The family computer crapped out a couple of months ago. It's been so long that the details are fuzzy, but I seem to recall I was trying to add an additional hard drive and ran into irreparable problems. It was one of those things where, for various reasons, I couldn't move forward, nor could I move back.
My employer had recently updated my computer with a new notebook, so I had my 3+ year-old notebook sitting unused. Taking the easy way out, I put the family onto the laptop with the best of intentions of fixing the old desktop (PII 300, if I remember correctly) or replacing it (yeah, right — like I'm going to get around to doing either one of those).

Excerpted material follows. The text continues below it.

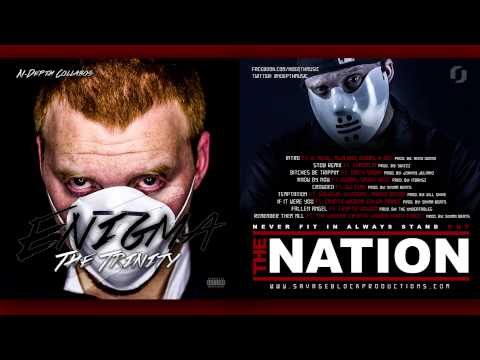 N-Depth - Enigma Vol. 1 COMPLETE CD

Well, tonight my hand was forced. The laptop died (I suspect it was the drive controller, since on bootup it said it can't find a hard drive or an optical drive, and it's got one hard drive and two optical drives) and the family was without a computer. The driving force here was the fact that the wife sent an email to our daughter's band director, and expected and needed an immediate response (none so far, in case you're wondering).
I really like Dell computers (and I can't rationally justify it — I just like Dells, so sue me), so I went to their web site to see what kind of computer I could build, what the cost would be and how long it would take to deliver it. I should have known this wouldn't work out, because regardless of the cost, I couldn't find a way to get a computer I wanted to ship before December 28th. Non-starter, dude.
So at 8:30 I'm rushing out the door to Best Buy to fill the Garrett family computer deficiency. Since I'd seen a highly favorable review of the HP 1170n (I'd provide a link, but that powerhouse PC manufacturer HP doesn't have anything on their web site about this computer — yeah, they're gonna go places, mark my words) a while back, I've been looking at it off and on. The big positive it had in its favor was a removable 170 GB hard drive, in addition to the standard 200 GB internal hard drive. I was a little concerned that it only came with 512 MB of RAM — and with RAM especially, more is almost always better.
My conscience required me to do at least a little due diligence, so I started looking around Best Buy's computer section to see what other computers they might have that would meet our needs. In that process, I stumbled across the Gateway 820GM, and to make an already too long story short, I opted for the Gateway. Ultimately, I chose it over the HP because the HP's most attractive feature (the removable 170 GB hard drive) seemed uncompelling in actual use, whereas the Gateway has 1 GB of RAM (compared to the HP's 512 MB). And computer geeks know that more RAM is always better.
So I'm going to be spending the next several days or weeks figuring out how Windows Media Center works, and how I need to upgrade every other piece of electronic equipment to take advantage of all our new capabilities.